Every once a while, we find an opportunity to make an introduction and connect people. Someone we know (person 1) wants to talk to someone we’ve worked with or know personally (person 2). If done well, the offer to make a connection is an act of generosity and is a wonderful way to build a network.
But, this can also go wrong. The most common way this goes wrong is when person 2 isn’t interested in the connection or is far too busy to deal with a new, unexpected, introduction.
There is one simple principle that helps resolve this potential issue – always ask for permission. It doesn’t matter how well you know the people involved – it is always in your interest to ask for permission. Let’s play out the scenarios –
- You know person 2 really well and they would be thrilled to help you.
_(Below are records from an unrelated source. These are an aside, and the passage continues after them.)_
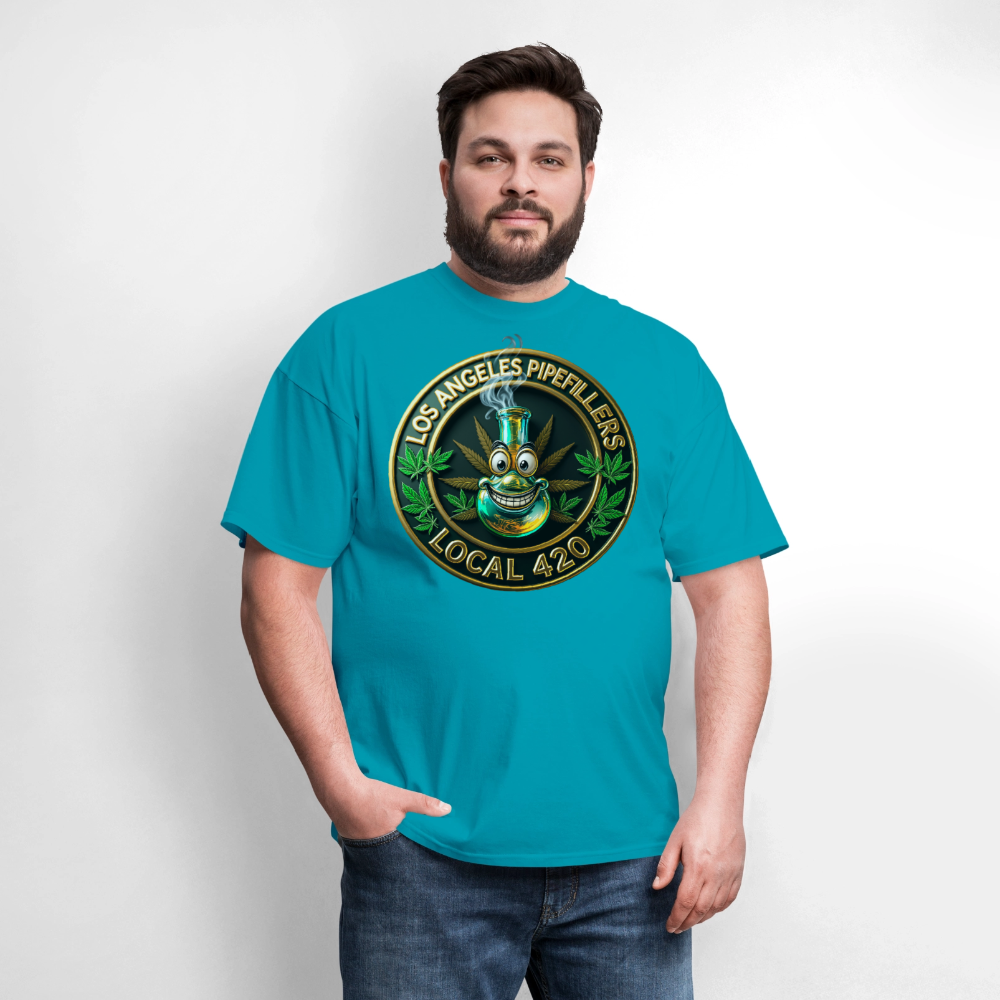 LOS ANGLES PIPEFILLERS LOCAL 420 2 EMBLEM Men's T-Shirt - turquoise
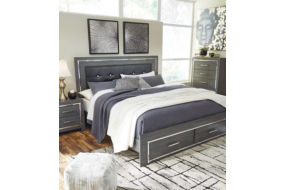 Signature Design by Ashley Lodanna King Panel Bed with 2 Storage Drawers-Gray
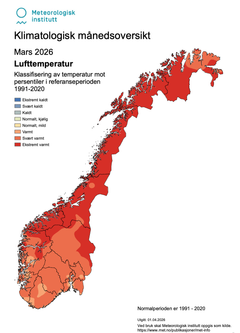 Klimatologisk månedsoversikt som viser lufttemperatur. Trykk for større kart. Kart: Meteorologisk institutt.
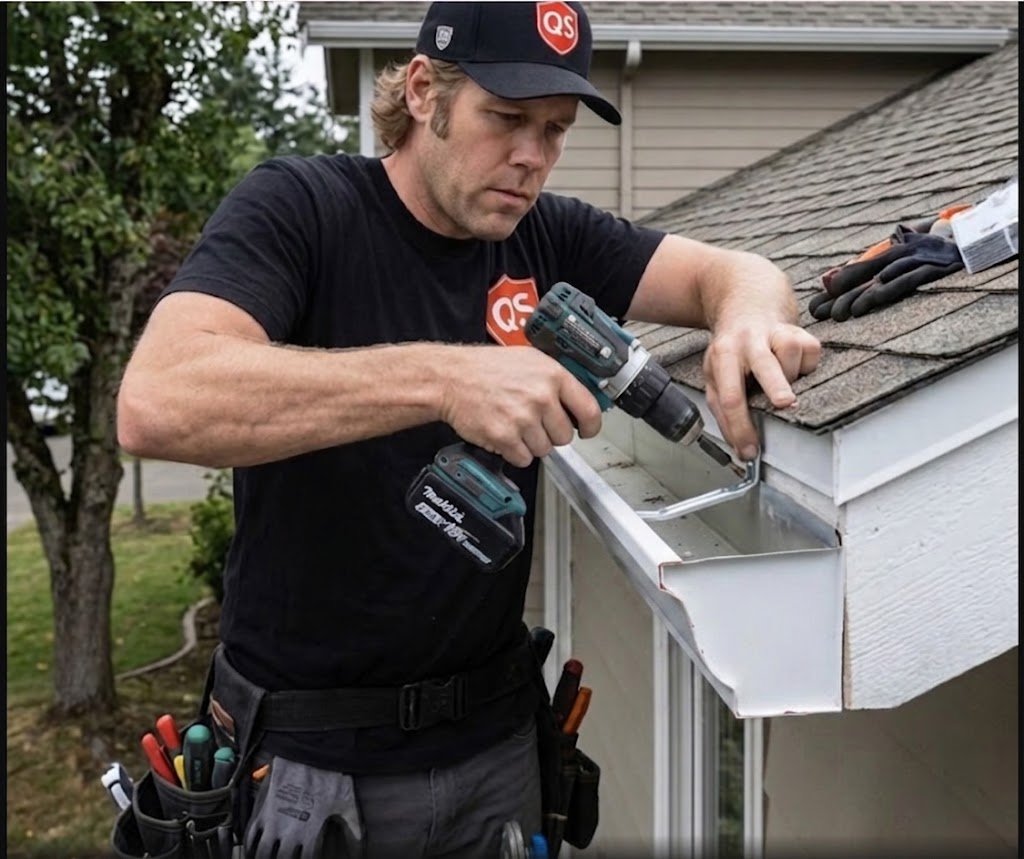 Quick Sidekick technician completing residential gutter repair in Vancouver
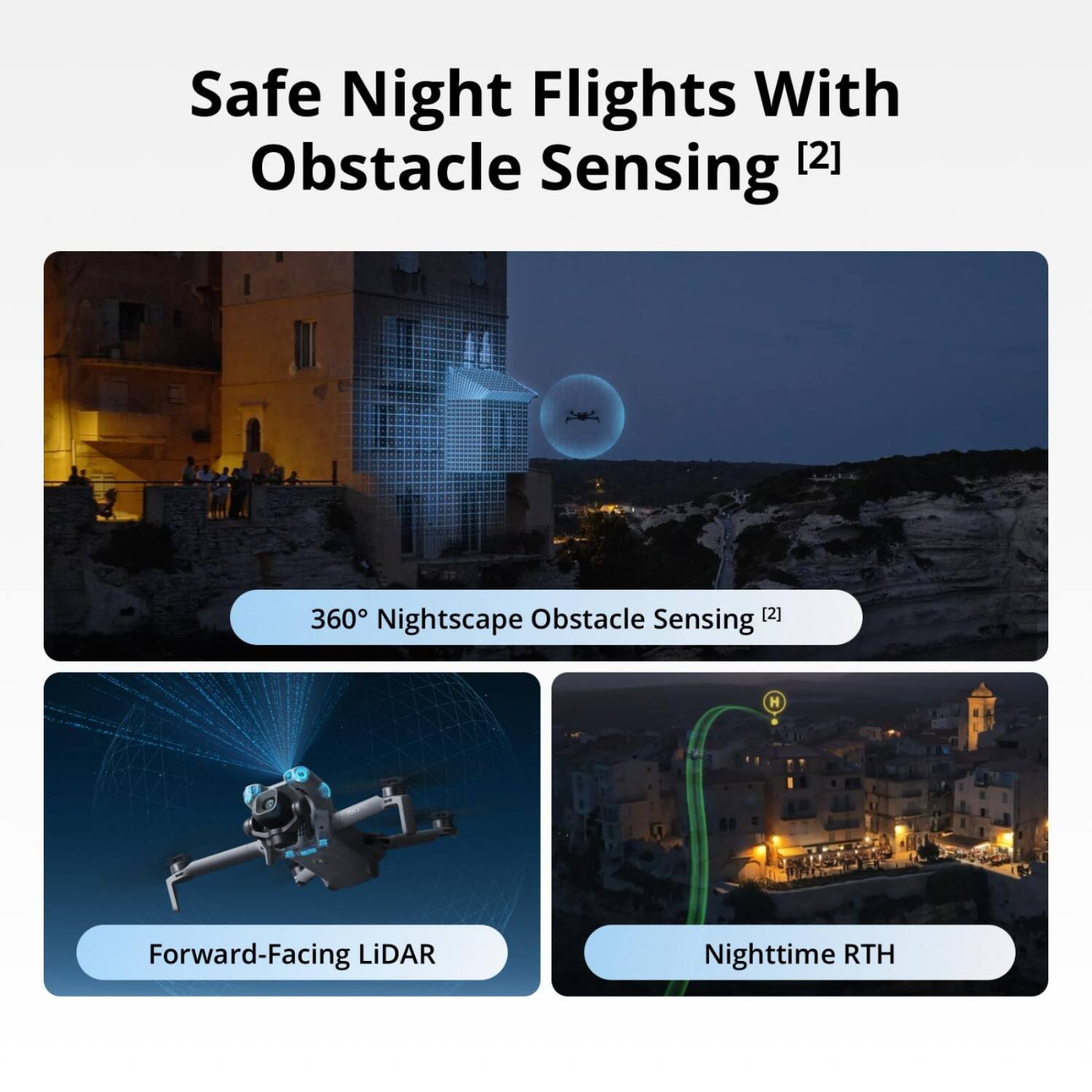 Safe Night Flights With Obstacle Sensing [2]  
360° Nightscape Obstacle Sensing [2]  
Forward-Facing LiDAR  
Nighttime RTH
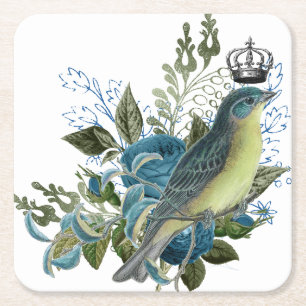 Blaue Vintage-Rose & Vogel Rechteckiger Pappuntersetzer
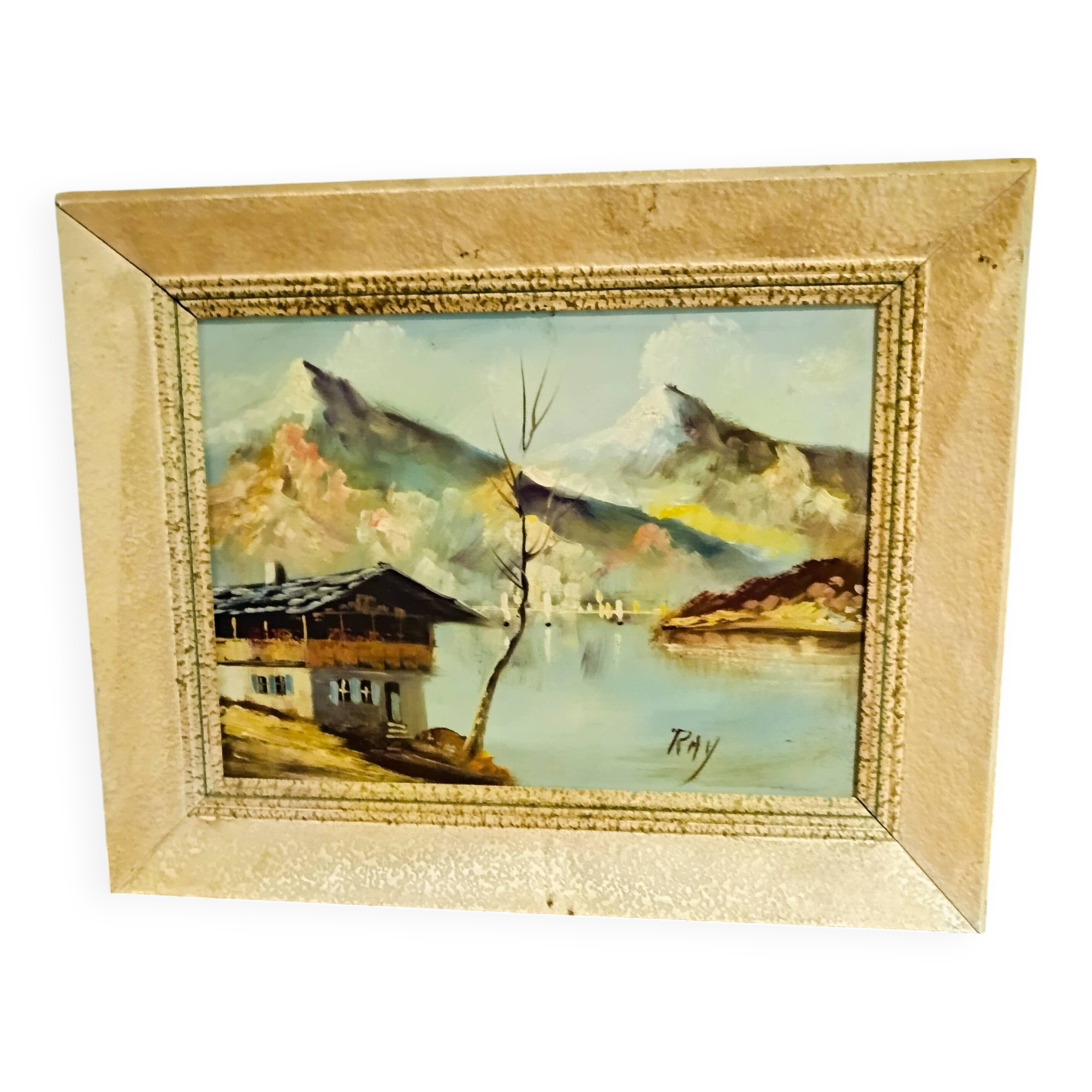 vintage oil on canvas 1950/1960 mountain landscape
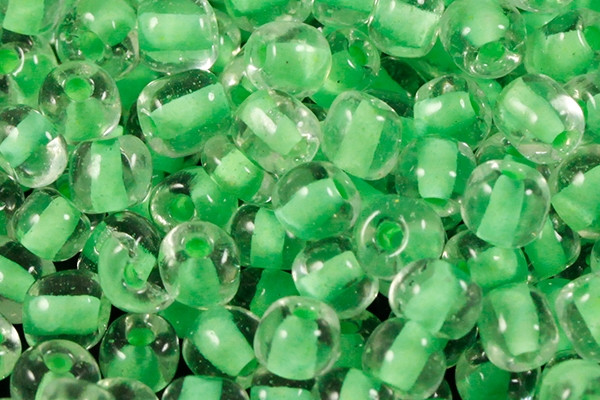 Seed bead 4mm 6/o 160pcs, Clear Line Green [g135-4]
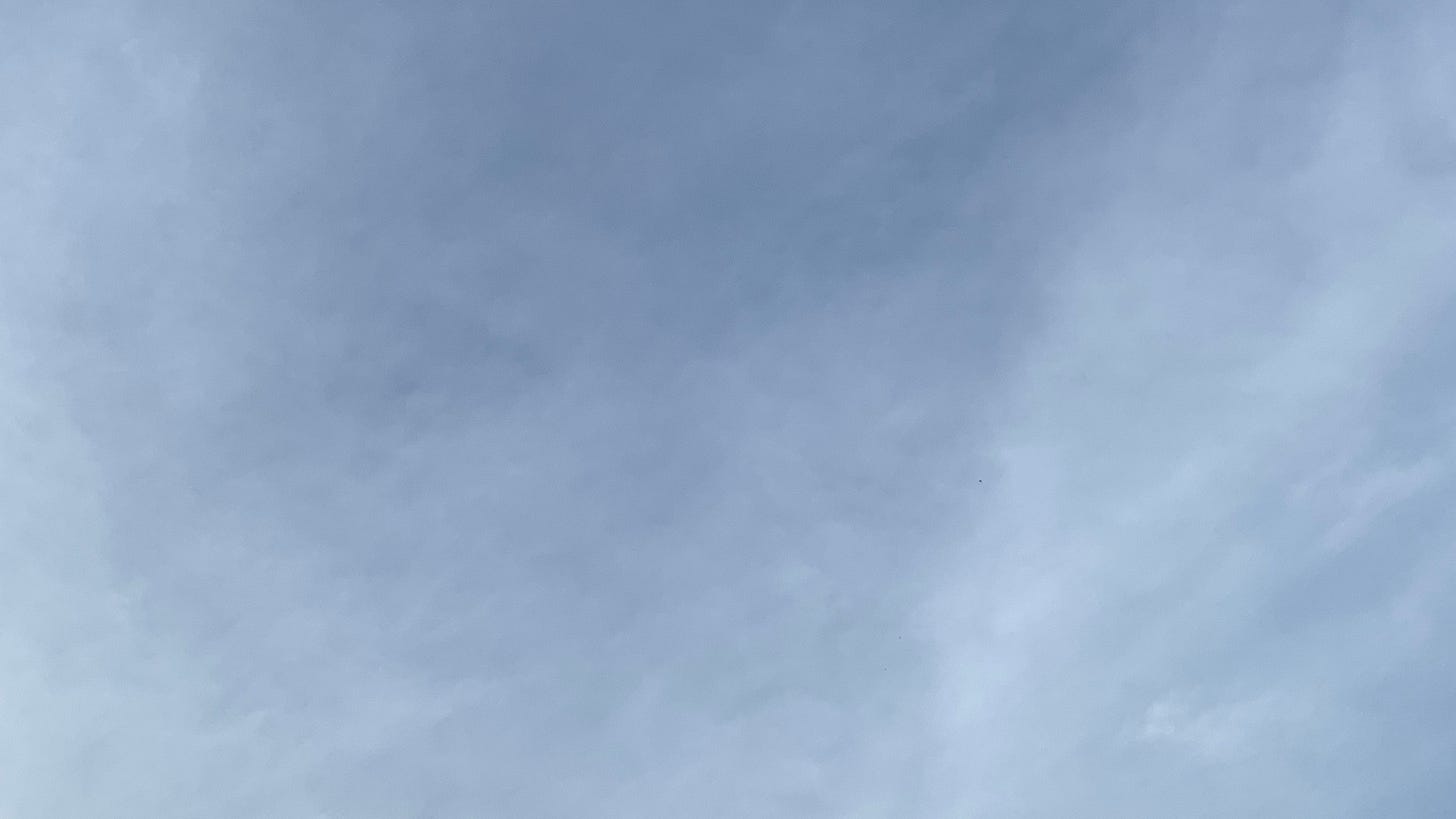 A lightly cloudy blue sky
Asking for permission makes them feel even more respected and cared for.
- You don’t know person 2 all that well, haven’t stayed in touch and don’t know what is going on in their lives at the current moment. Asking for permission ensures that you are taking their feelings into consideration and not thrusting an obligation on them.
This is important to keep in mind even if you are the person asking for an introduction. It is in your interest to request the person who has offered to introduce you to ask for permission first. Else, your conversation isn’t set up for success.
The best introductions are win-win-win introductions where each person walks out feeling positive. And, asking for permission to make an introduction helps ensure that happens more often than not.